A Sesto Fiorentino, alle porte verso nord di Firenze, una vicenda che intreccia industria e arte e che pochi anni fa sembrava destinata a finire in malora ha invece avuto un esito positivo: riaprirà entro il 2022 il Museo della Manifattura di Doccia. I più non lo sapranno ma la collezione raccoglie ceramiche, porcellane, strumenti di lavoro, libri, documenti, terrecotte di oltre due secoli e mezzo. È una raccolta strettamente connessa all’industria della Richard-Ginori, attività fondata nel lontano 1737 oggi nel cuore della città dal conte Ginori: il lavoro d’alto artigianato innervava la vita cittadina, anche le lotte politiche per i diritti dei lavoratori. Dal 1923 al 130 la fabbrica ebbe come direttore artistico un architetto e designer di statura internazionale come Gio Ponti (1891-1979). Ma il fallimento della Richard-Ginori nel 2013 sembrò chiudere male una storia; a ruota, nel 2014 chiuse la collezione nell’edificio dirimpetto all’ingresso della fabbrica. Posti di lavoro perduti, un luogo di cultura, design, alto artigianato, tradizione, fototeca, libri e documenti senza un futuro.

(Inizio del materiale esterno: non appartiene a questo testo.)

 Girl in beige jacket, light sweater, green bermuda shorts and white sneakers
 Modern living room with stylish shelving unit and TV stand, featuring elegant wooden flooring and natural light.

Infiltrazioni d’acqua dal tetto e altri guasti nel lungo palazzo inaugurato nel 1965 stavano mandando in rovina questo patrimonio di cultura industriale. Nel 2015 l’archivio fu portato all’Archivio di Stato per tutelarlo ma non bastava: ci fu un movimento d’opinione e nel 2017 il ministero per i Beni e attività culturali e del turismo, anche allora diretto da Dario Franceschini, decise di acquistare il museo. Cui ha seguito ora un altro passaggio decisivo. In una giornata di dicembre più mite del solito il ministro, il governatore della Regione Toscana Enrico Rossi e il sindaco di Sesto Lorenzo Falchi hanno siglato davanti a un notaio, ai giornalisti e ai cittadini l’atto di nascita della Fondazione con i tre enti come soci che, tutti a guida centrosinistra o sinistra, hanno saputo disegnare la complessa architettura istituzionale e gestiranno il museo – archivio.
Una storia sociale e politica. Rossi aggancia la realtà culturale a quella lavorativa: la fabbrica ha un nuovo management, «c’è un bel clima, c’è intesa con le organizzazioni sindacali, si è tornati a produrre in modo appropriato» e, osserva, le prospettive non mancano. Restava il pericolo che restasse in un limbo il museo-archivio. L’acquisto del Mibact del 2017 aveva salvato dalla rovina ma non bastava a scongiurare un futuro fosco. La neonata Fondazione con ministero, Regione e Comune dà al contrario un futuro a un istituto che, come dice il sindaco, riflette «la storia sociale e politica della comunità di Sesto: avere la fabbrica salvata che rimane e accanto un museo di impresa che riaprirà valorizzato è un’occasione straordinaria». Ancora Rossi: «Se calpestiamo il nostro passato è semplice capire che non abbiamo futuro: tutto questo sta nel quadro invece di una Toscana che qui dal suo passato trova energie per il futuro. Il museo sarà per il turismo, e va bene, ma anche per il godimento e la consapevolezza dei cittadini toscani». Questo lavoro «è frutto di un impegno collettivo e ne esce un modello produttivo per tutti i musei di impresa – dice Franceschini prima di firmare– Ringrazio chi si è impegnato a partire dal professor Tomaso Montanari».
La spesa. Tra acquisto dell’edificio e delle collezioni, restauri e altre voci il Mibact spende 6 milioni 154mila euro più 100mila euro che vanno al fondo della Fondazione. La Regione ne mette 200mila nel medesimo fondo più 300mila per il museo per il 2020 e il 2021, il Comune ne versa 100mila nel fondo e altrettanti per gestione e funzionamento del museo fino al 2021. L’edificio necessita di restauri e messe a norma e rientra nel Polo museale della Toscana diretto da Stefano Casciu. La Fondazione è lo strumento giuridico scelto dai tre enti. A differenza di altre zone d’Italia (purtroppo), invece questo pezzo di industria e cultura ha appunto un futuro.